I’ve been on a ‘feel good’ bender, trying to shake out of this downward spiral of unemployment and general uselessness by immersing myself in uplifting movies. Jesus-on-the-wall followed Jim Carrey’s “Yes Man” and found myself thinking I would try that: saying “Yes!” to whatever comes my way; to opening myself up to the universe and seeing where it takes me. Clearly what I’ve been doing hasn’t worked so I’ll try it. The first thing that came along was an online survey about a recent experience with my bank and their new policy of charging even more exorbitant fees for me to use my own money. Apparently, they didn’t think they had enough of it. Normally I would delete this immediately. But I said “Yes!” and I filled it out. “You’re representatives are very nice but you policy setters are bad, bad boys!” We’ll see where that leads me.

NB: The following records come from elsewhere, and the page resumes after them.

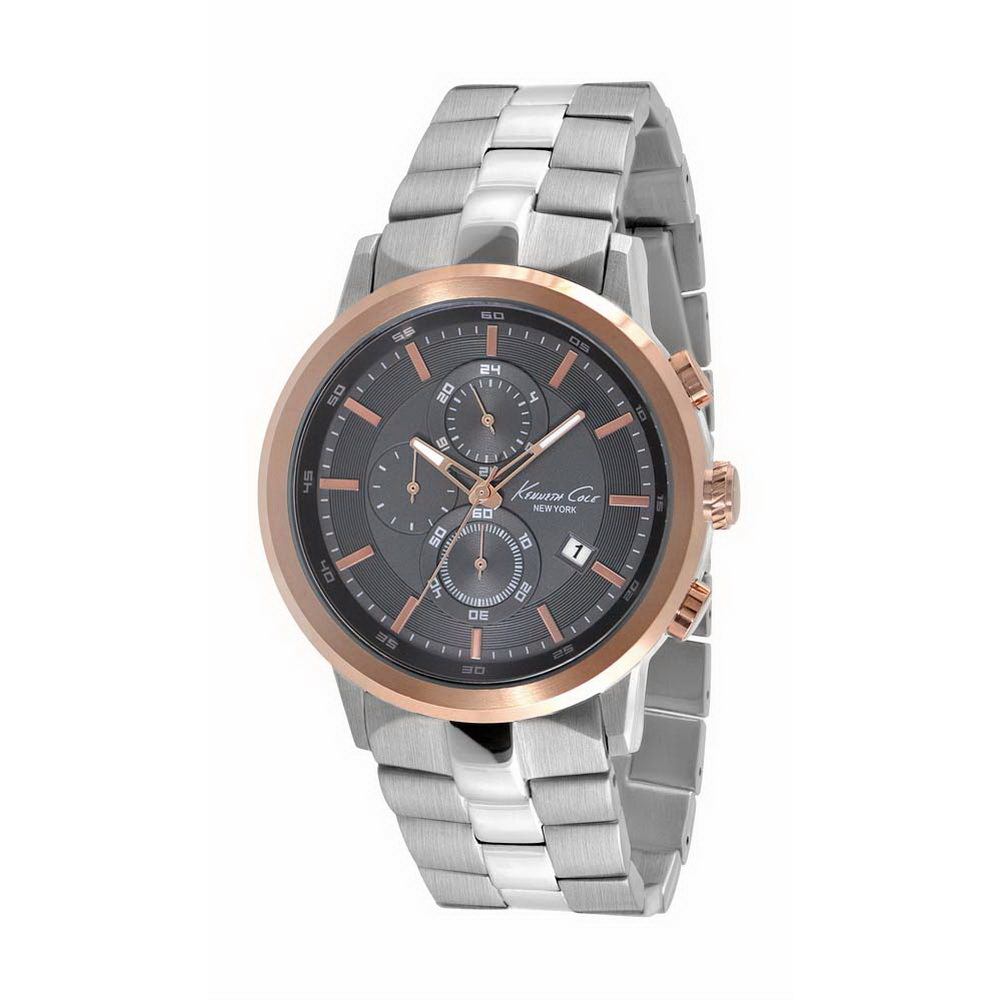 Kenneth Cole IKC9258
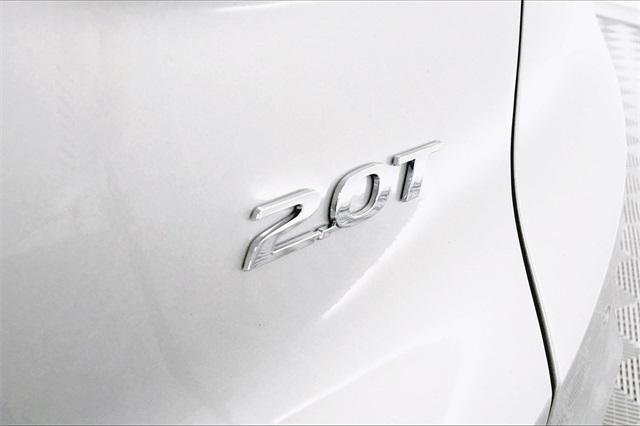 34338-hyundai-santafe-2020-64432ft5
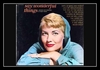 Patti Page - Say Wonderful Things Downnload Ringtone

The kick-off for my bender was “Inglorious Basterds”. I can’t say I’ve been a big fan of Quentin Tarantino. While I like the simple morality that pervades his films, I usually spend at least half of the movie looking away until the screaming stops. But “Inglorious Basterds” was an adrenalin shot to the heart; a great movie at which to be a Jew; a great movie at which to be a person who needs to believe we can overcome tyranny; a movie for anyone who needs to believe there is justice in the world; in short, a fantasy. Sure there were times I had to turn away, but even then I was laughing. Even this morning, as I brushed my teeth and remembered the final scene, a little gag rose in my throat. It’s a truly sick person who can make you laugh at stuff like Nazis and cruelty, blood and gore. I loved every perverse minute of it.

So the cable guy has left and I hear my husband flipping channels to see what crap he has missed. I think it is safe to leave my room and find my pills. Today I will join a gym and see what uplifting matinee I can catch at half-price. I will say “Yes” to the Universe and, when I get home, there will be a dozen applications for my classes in the mailbox. Shut up; it’s MY fantasy!